Campaign talk about "working families" obscures the existence of classes in this country even as it hints at an appeal to working-class people. Al Gore talks a lot about fighting. But whom are we supposed to fight? Not just three or four industries that damage us as consumers. The problem for working people is again to find ways to limit the power of the capitalist class, the class that for 30 years has systematically damaged them as workers. That's how we won Social Security, union protection and shared prosperity in the past.

The middle class has an interest here, too. Small business owners and professionals closely connected to the working class, like teachers, nurses and social workers, have lost ground along with the workers they serve. Those, many fewer in number, who serve the capitalist class, like high-end lawyers and accountants, have prospered. Most middle-class people would benefit from a strong working-class political movement.

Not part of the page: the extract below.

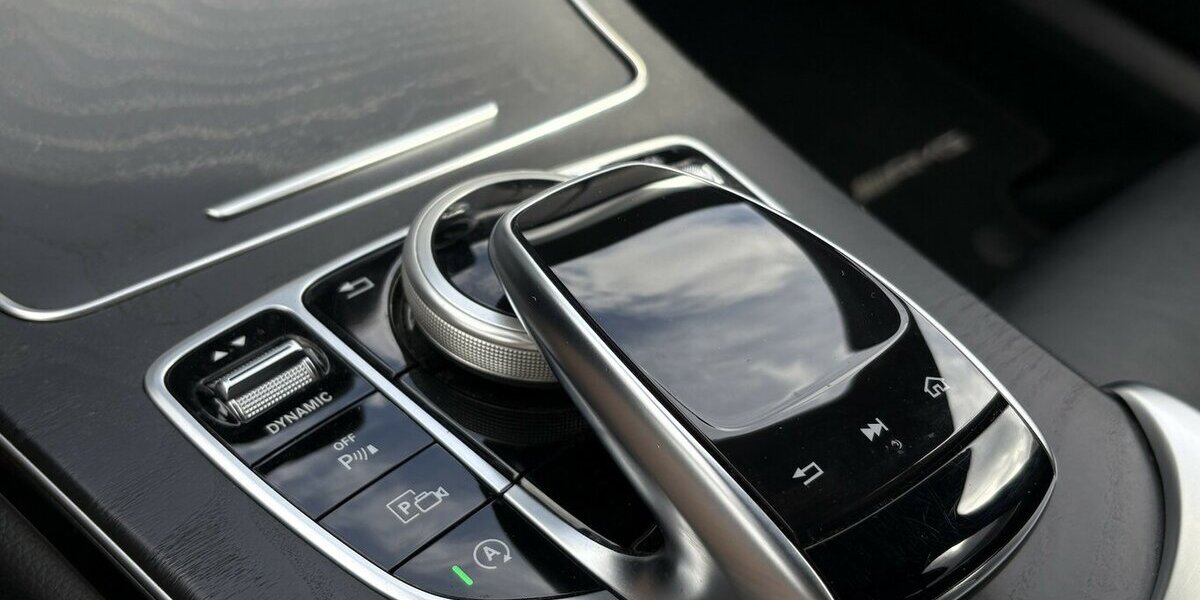 Mercedes-Benz C 200 AMG KAMERA/NAVI/CARPLAY/NIGHT/SHZ/ACC/AHK 73.254 km 24.800 &euro; Villingen-Schwenningen 78054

After decades of media talk about the middle class, and a disappeared working class, Al Gore's reference to "working families" comes at a time of renewed AFL-CIO organizing and student campaigns against sweatshops. Many people were caught off guard by Gore's rhetorical move to the left, away from the now-traditional fight for the middle, but we should welcome this as an opening to explore the realities of class life in America.

Who among the current crop of presidential candidates is best equipped to lead the country on behalf of the working class? Is it really Al Gore? Could George W. Bush possibly make the case, or whoever emerges from the Reform Party debacle? Is it Ralph Nader? How can we start again to create working-class politics? The presidential campaign traditionally gets serious after Labor Day. Will a real working-class hero please step forward?


Michael Zweig teaches economics at the State University of New York at Stony Brook and is the author of "The Working Class Majority: America's Best-Kept Secret.